*** Block opens ***

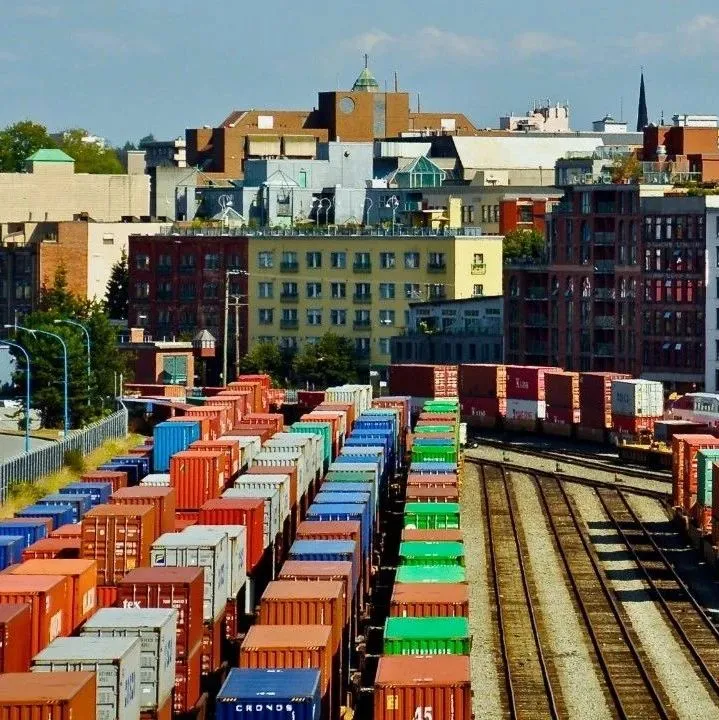 毁灭性火灾波及温哥华港，铁路服务中断，船公司警告延误和拥堵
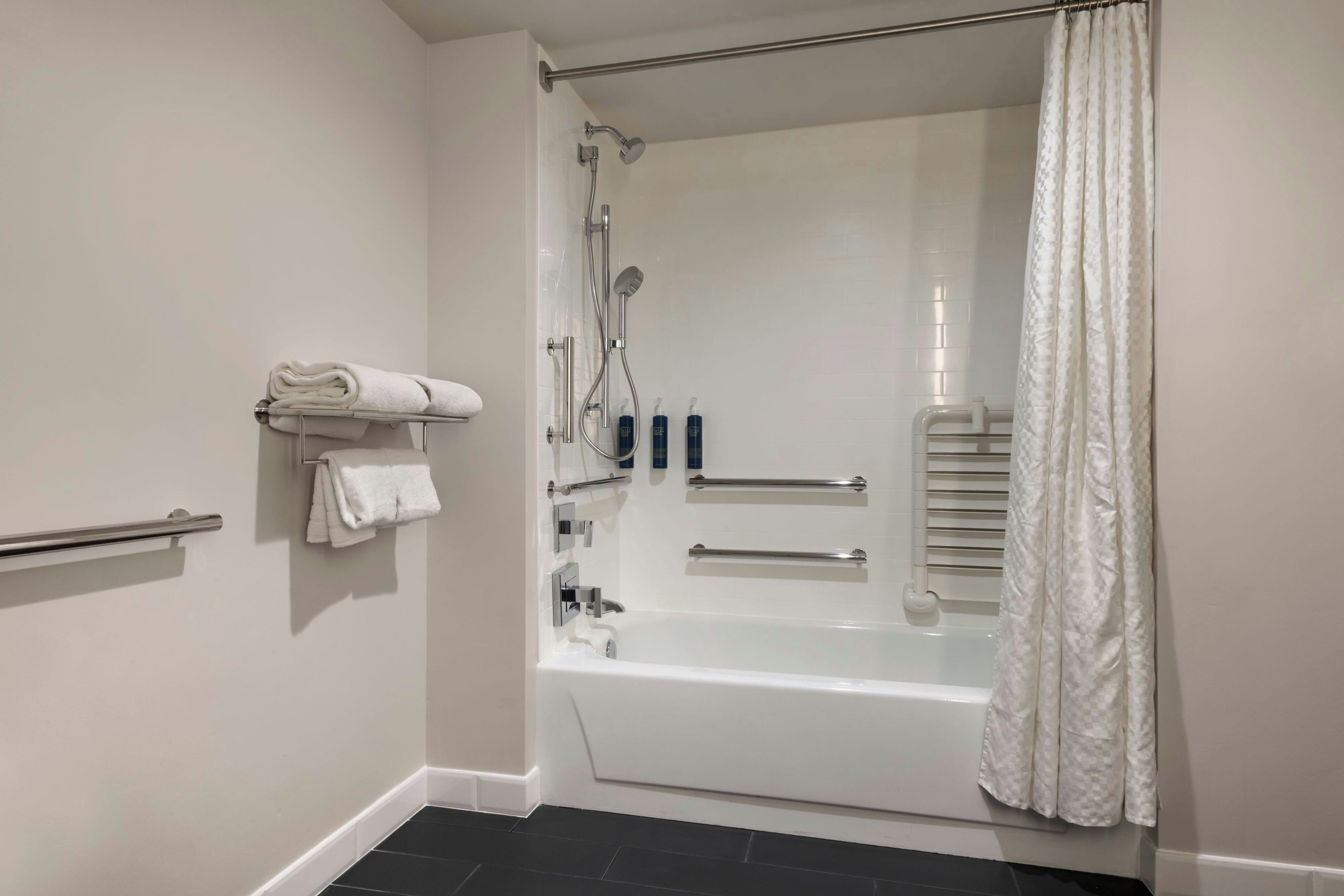 Foto - Four Points by Sheraton Bakersfield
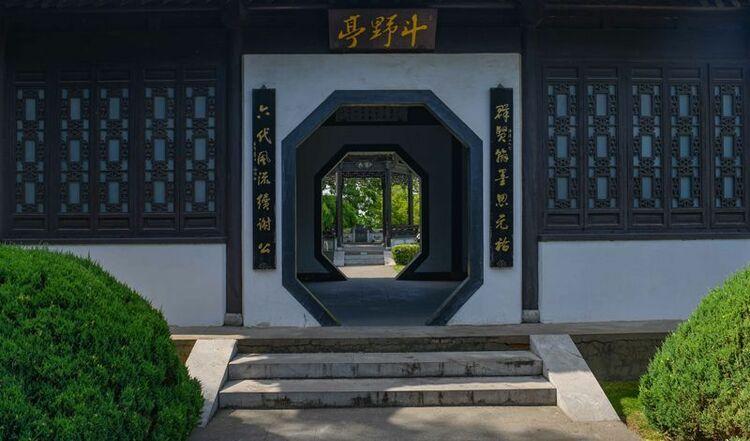 揚(yáng)州：小亭秋色滿(mǎn) 盡顯古韻美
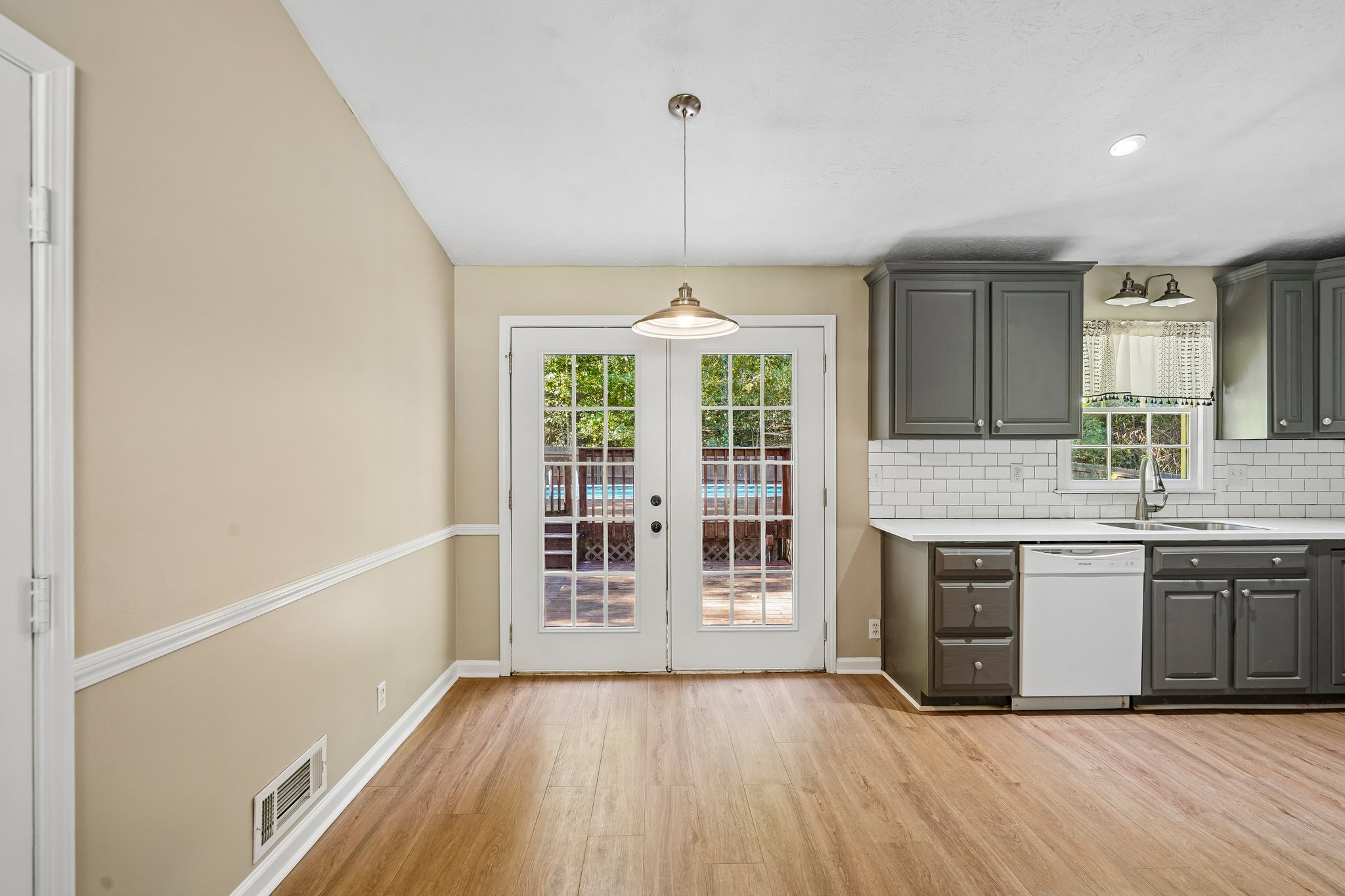 Suncrest Ct-S2410-010.jpg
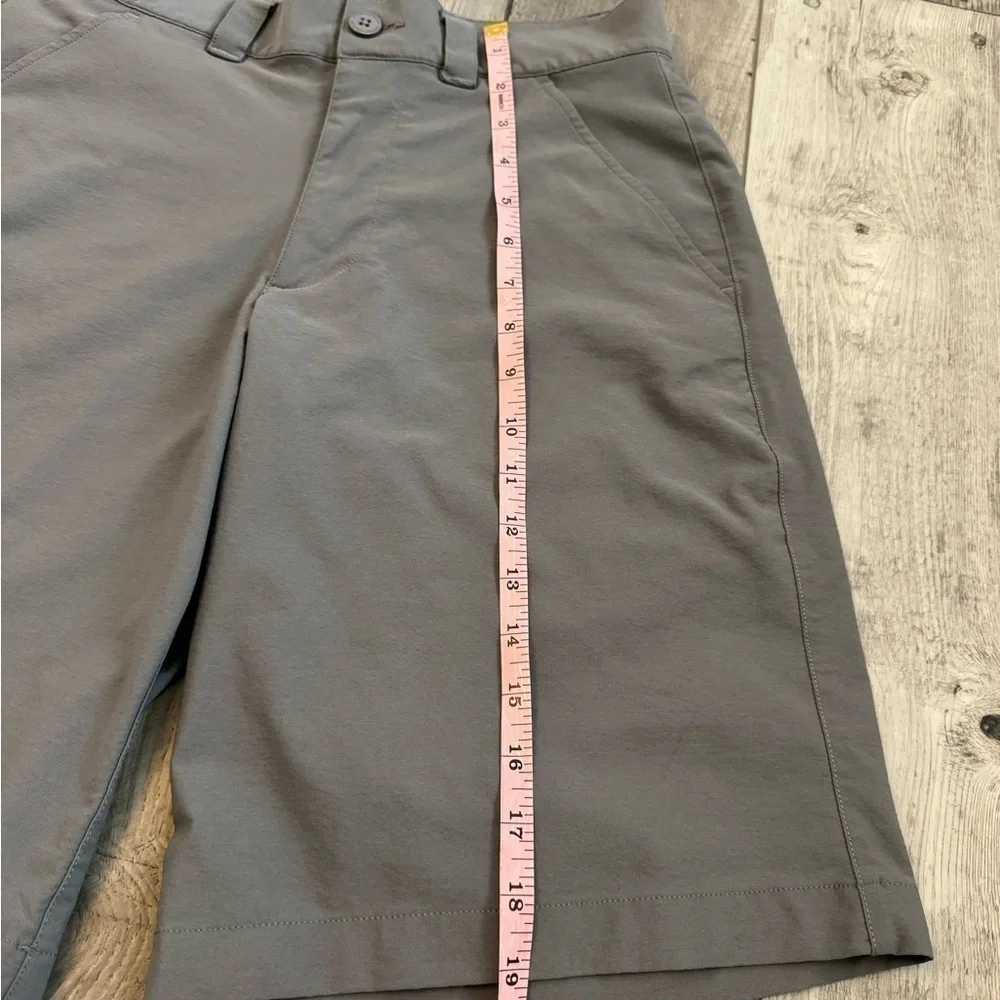 Under Armour Classic Solid Chino Shorts (Men's 34) Gray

*** Block closes ***

● WHAT YOU SHOULD DO: Please reproduce nothing but the lines from the one containing "Suncrest Ct-S2410-010.jpg" through the closing line of the listing, retyped word for word, pictures excluded.

● REPLY:
 Suncrest Ct-S2410-010.jpg
 Under Armour Classic Solid Chino Shorts (Men's 34) Gray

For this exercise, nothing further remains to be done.